Ahead of the European Premiere of Touched with Fire at the Scottish Mental Health Arts & Film Festival, director Paul Dalio spoke with Theresa Moerman Ib about an intensely personal feature project.

In one of the first scenes of Touched with Fire, Carla, a poet with bipolar disorder played convincingly by Katie Holmes, reads from her latest collection to an awkwardly unenthused bookstore audience. One can’t help but wonder if Paul Dalio incorporated his own personal experience of a similar situation into his debut feature. Diagnosed with bipolar disorder himself, and astonishingly open about his struggles with mental illness, I was half expecting the experience of making such a personal film to have been traumatic, but Dalio surprises me right off the bat with his positivity and the mostly encouraging responses he has had both to the film and his honesty.

“I’ve had screenings of the film all over the US with different mental health organisations, mental health festivals and medical schools. Across the board, it’s been astounding how universally resonant the film was with people who have bipolar.  All of them say: ‘Oh my God, that’s exactly what it’s like’. To me, the beautiful thing is also that the parents of these people can empathise with the parents of the characters. A lot of people expressed to me that they were able to have dialogues with their children that they were never able to have before.”
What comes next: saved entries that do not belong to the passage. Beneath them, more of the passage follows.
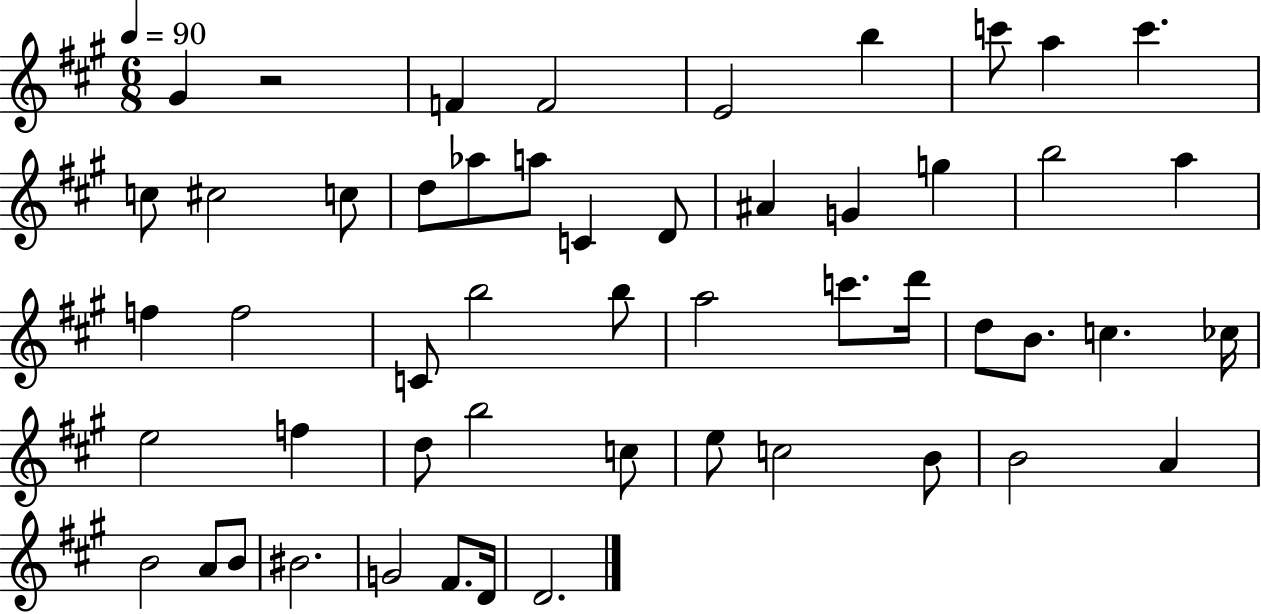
{
  \clef treble
  \numericTimeSignature
  \time 6/8
  \key a \major
  \tempo 4 = 90
  gis'4 r2 | f'4 f'2 | e'2 b''4 | c'''8 a''4 c'''4. | \break c''8 cis''2 c''8 | d''8 aes''8 a''8 c'4 d'8 | ais'4 g'4 g''4 | b''2 a''4 | \break f''4 f''2 | c'8 b''2 b''8 | a''2 c'''8. d'''16 | d''8 b'8. c''4. ces''16 | \break e''2 f''4 | d''8 b''2 c''8 | e''8 c''2 b'8 | b'2 a'4 | \break b'2 a'8 b'8 | bis'2. | g'2 fis'8. d'16 | d'2. | \break \bar "|."
}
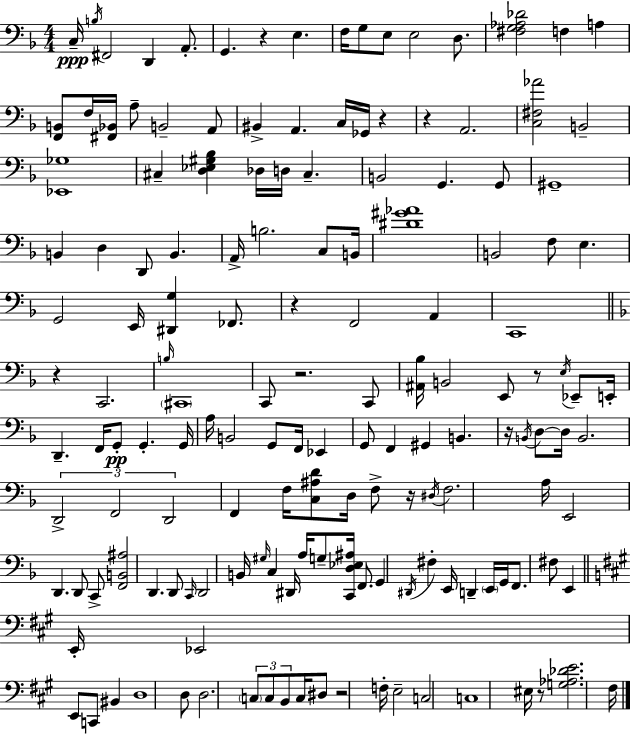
C3/s B3/s F#2/h D2/q A2/e. G2/q. R/q E3/q. F3/s G3/e E3/e E3/h D3/e. [F#3,G3,Ab3,Db4]/h F3/q A3/q [F2,B2]/e F3/s [F#2,Bb2]/s A3/e B2/h A2/e BIS2/q A2/q. C3/s Gb2/s R/q R/q A2/h. [C3,F#3,Ab4]/h B2/h [Eb2,Gb3]/w C#3/q [D3,Eb3,G#3,Bb3]/q Db3/s D3/s C#3/q. B2/h G2/q. G2/e G#2/w B2/q D3/q D2/e B2/q. A2/s B3/h. C3/e B2/s [D#4,G#4,Ab4]/w B2/h F3/e E3/q. G2/h E2/s [D#2,G3]/q FES2/e. R/q F2/h A2/q C2/w R/q C2/h. B3/s C#2/w C2/e R/h. C2/e [A#2,Bb3]/s B2/h E2/e R/e E3/s Eb2/e E2/s D2/q. F2/s G2/e G2/q. G2/s A3/s B2/h G2/e F2/s Eb2/q G2/e F2/q G#2/q B2/q. R/s B2/s D3/e D3/s B2/h. D2/h F2/h D2/h F2/q F3/s [C3,A#3,D4]/e D3/s F3/e R/s D#3/s F3/h. A3/s E2/h D2/q. D2/e C2/e [F2,B2,A#3]/h D2/q. D2/e C2/s D2/h B2/s G#3/s C3/q D#2/s A3/s G3/e [C2,D3,Eb3,A#3]/s F2/e. G2/q D#2/s F#3/q E2/s D2/q E2/s G2/s F2/e. F#3/e E2/q E2/s Eb2/h E2/e C2/e BIS2/q D3/w D3/e D3/h. C3/e C3/e B2/e C3/s D#3/e R/h F3/s E3/h C3/h C3/w EIS3/s R/e [G3,Ab3,Db4,E4]/h. F#3/s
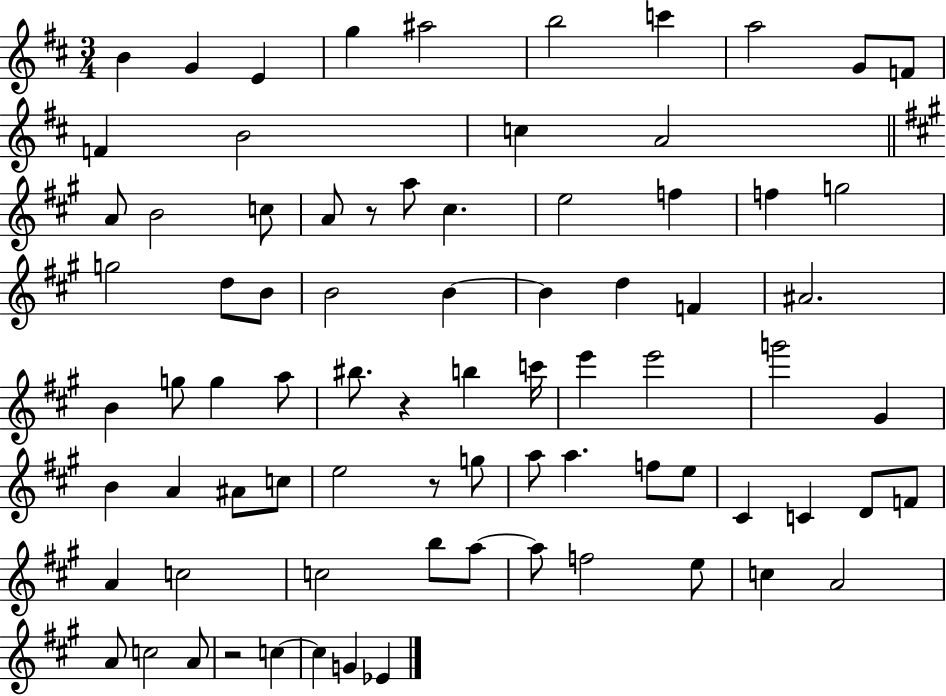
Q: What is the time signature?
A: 3/4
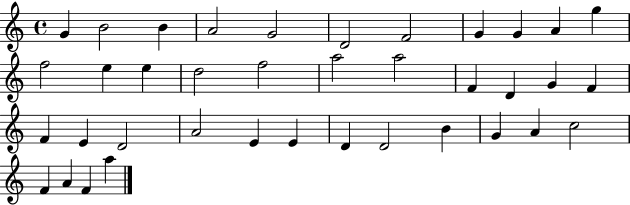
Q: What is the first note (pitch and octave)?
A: G4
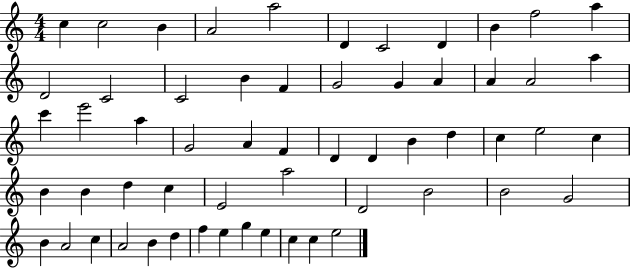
X:1
T:Untitled
M:4/4
L:1/4
K:C
c c2 B A2 a2 D C2 D B f2 a D2 C2 C2 B F G2 G A A A2 a c' e'2 a G2 A F D D B d c e2 c B B d c E2 a2 D2 B2 B2 G2 B A2 c A2 B d f e g e c c e2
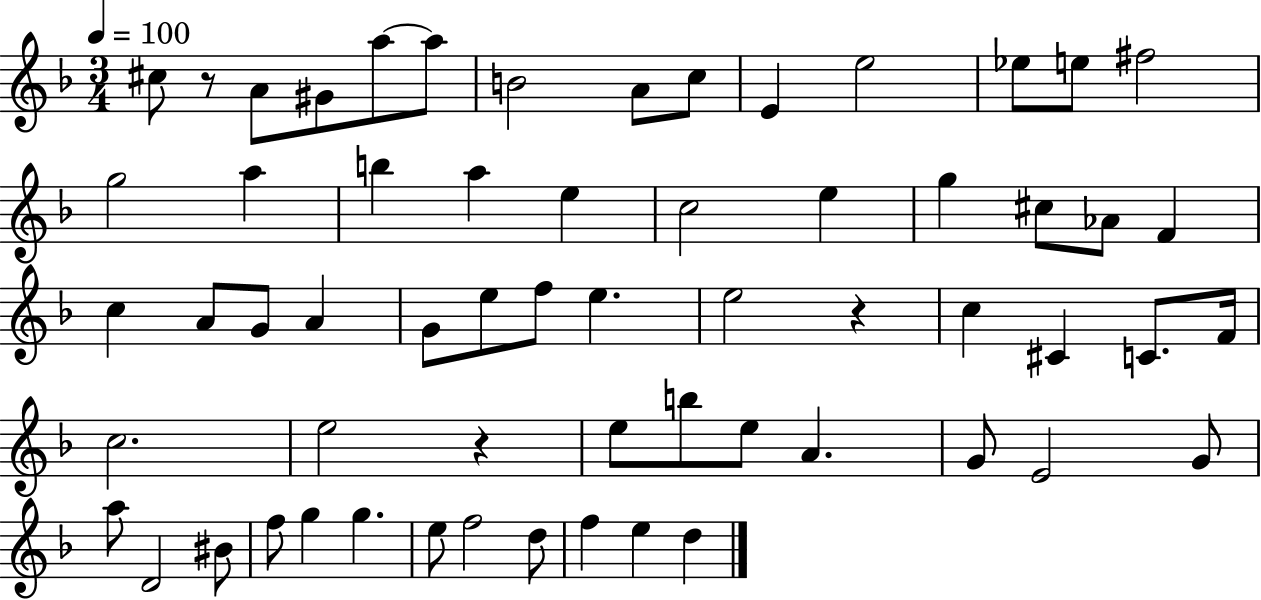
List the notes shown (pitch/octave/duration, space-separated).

C#5/e R/e A4/e G#4/e A5/e A5/e B4/h A4/e C5/e E4/q E5/h Eb5/e E5/e F#5/h G5/h A5/q B5/q A5/q E5/q C5/h E5/q G5/q C#5/e Ab4/e F4/q C5/q A4/e G4/e A4/q G4/e E5/e F5/e E5/q. E5/h R/q C5/q C#4/q C4/e. F4/s C5/h. E5/h R/q E5/e B5/e E5/e A4/q. G4/e E4/h G4/e A5/e D4/h BIS4/e F5/e G5/q G5/q. E5/e F5/h D5/e F5/q E5/q D5/q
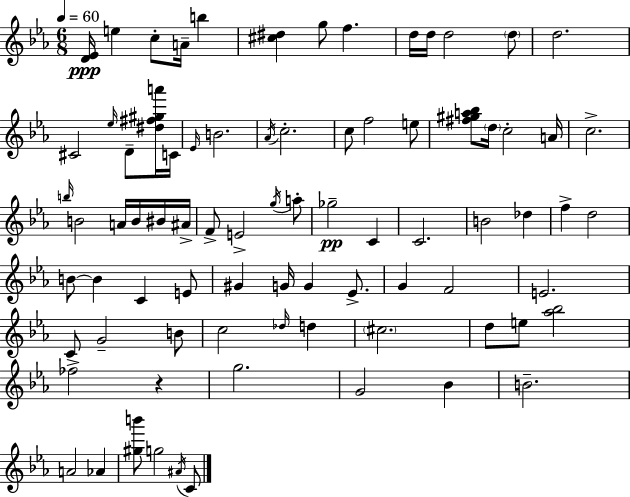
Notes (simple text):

[D4,Eb4]/s E5/q C5/e A4/s B5/q [C#5,D#5]/q G5/e F5/q. D5/s D5/s D5/h D5/e D5/h. C#4/h Eb5/s D4/e [D#5,F#5,G#5,A6]/s C4/s Eb4/s B4/h. Ab4/s C5/h. C5/e F5/h E5/e [F#5,G#5,A5,Bb5]/e D5/s C5/h A4/s C5/h. B5/s B4/h A4/s B4/s BIS4/s A#4/s F4/e E4/h G5/s A5/e Gb5/h C4/q C4/h. B4/h Db5/q F5/q D5/h B4/e B4/q C4/q E4/e G#4/q G4/s G4/q Eb4/e. G4/q F4/h E4/h. C4/e G4/h B4/e C5/h Db5/s D5/q C#5/h. D5/e E5/e [Ab5,Bb5]/h FES5/h R/q G5/h. G4/h Bb4/q B4/h. A4/h Ab4/q [G#5,B6]/e G5/h A#4/s C4/e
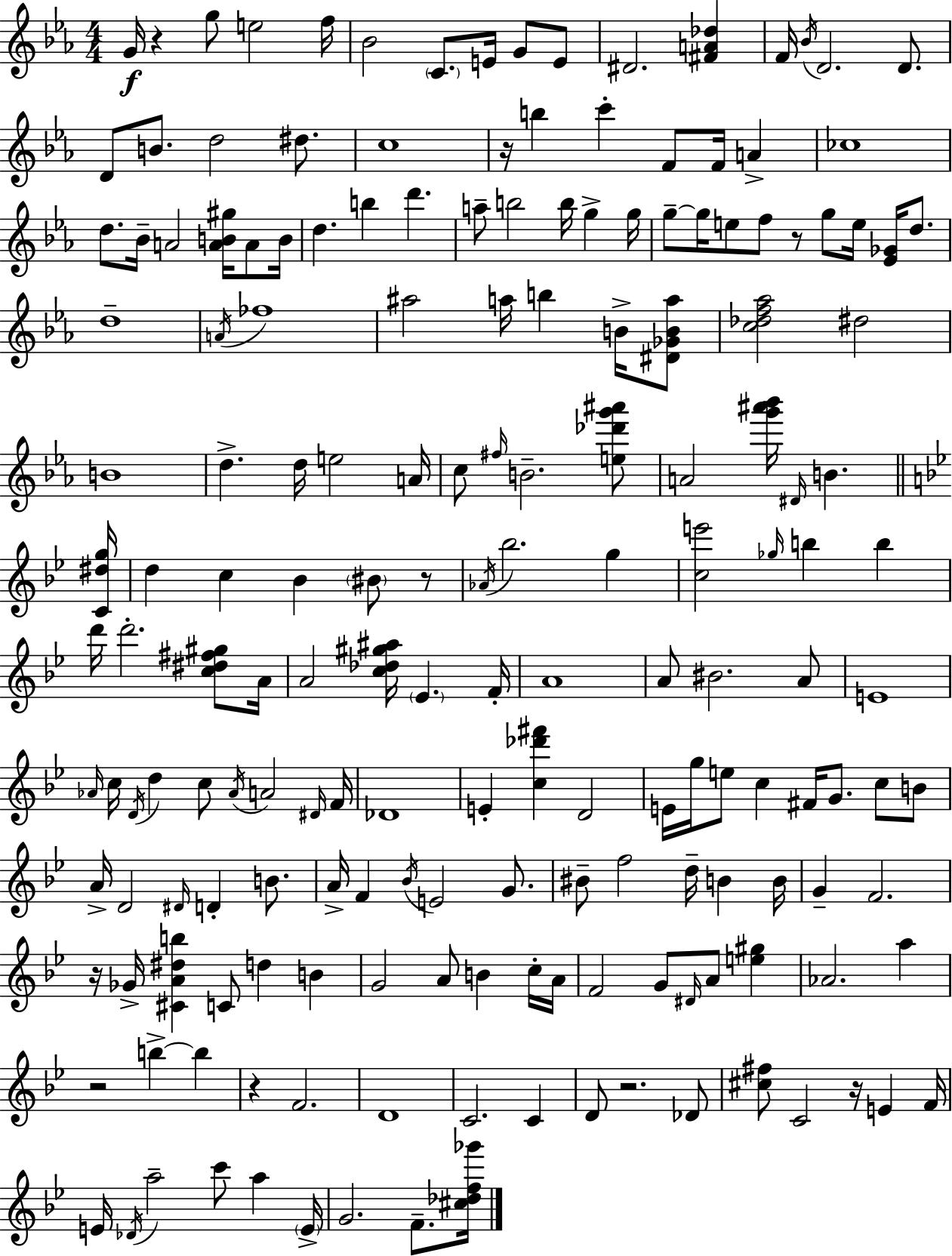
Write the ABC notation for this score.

X:1
T:Untitled
M:4/4
L:1/4
K:Eb
G/4 z g/2 e2 f/4 _B2 C/2 E/4 G/2 E/2 ^D2 [^FA_d] F/4 _B/4 D2 D/2 D/2 B/2 d2 ^d/2 c4 z/4 b c' F/2 F/4 A _c4 d/2 _B/4 A2 [AB^g]/4 A/2 B/4 d b d' a/2 b2 b/4 g g/4 g/2 g/4 e/2 f/2 z/2 g/2 e/4 [_E_G]/4 d/2 d4 A/4 _f4 ^a2 a/4 b B/4 [^D_GBa]/2 [c_df_a]2 ^d2 B4 d d/4 e2 A/4 c/2 ^f/4 B2 [e_d'g'^a']/2 A2 [g'^a'_b']/4 ^D/4 B [C^dg]/4 d c _B ^B/2 z/2 _A/4 _b2 g [ce']2 _g/4 b b d'/4 d'2 [c^d^f^g]/2 A/4 A2 [c_d^g^a]/4 _E F/4 A4 A/2 ^B2 A/2 E4 _A/4 c/4 D/4 d c/2 _A/4 A2 ^D/4 F/4 _D4 E [c_d'^f'] D2 E/4 g/4 e/2 c ^F/4 G/2 c/2 B/2 A/4 D2 ^D/4 D B/2 A/4 F _B/4 E2 G/2 ^B/2 f2 d/4 B B/4 G F2 z/4 _G/4 [^CA^db] C/2 d B G2 A/2 B c/4 A/4 F2 G/2 ^D/4 A/2 [e^g] _A2 a z2 b b z F2 D4 C2 C D/2 z2 _D/2 [^c^f]/2 C2 z/4 E F/4 E/4 _D/4 a2 c'/2 a E/4 G2 F/2 [^c_df_g']/4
The idea that the arts can encourage conversations about mental health within families and communities, that they can help people open up about their experiences and begin to break down stigma, are causes at the forefront of the Scottish Mental Health Arts and Film Festival, and Dalio is excited that the European premiere of Touched with Fire will take place on Monday at Glasgow Film Theatre followed by a second screening later in the week at Filmhouse in Edinburgh. Both screenings will be followed by a Q&A in which Paul Dalio will be present via Skype directly from New York alongside local representatives from Bipolar Scotland.

“I’m so honoured to have my film play in this festival. To be screening the film in Europe is a big step in raising awareness about something that’s very misunderstood,” he says. “Cinema has a power like no other to transport an audience member into the senses of the character in a very visceral way. There is such opportunity for film to change stigma because of its ability to have you feel through someone else’s skin.”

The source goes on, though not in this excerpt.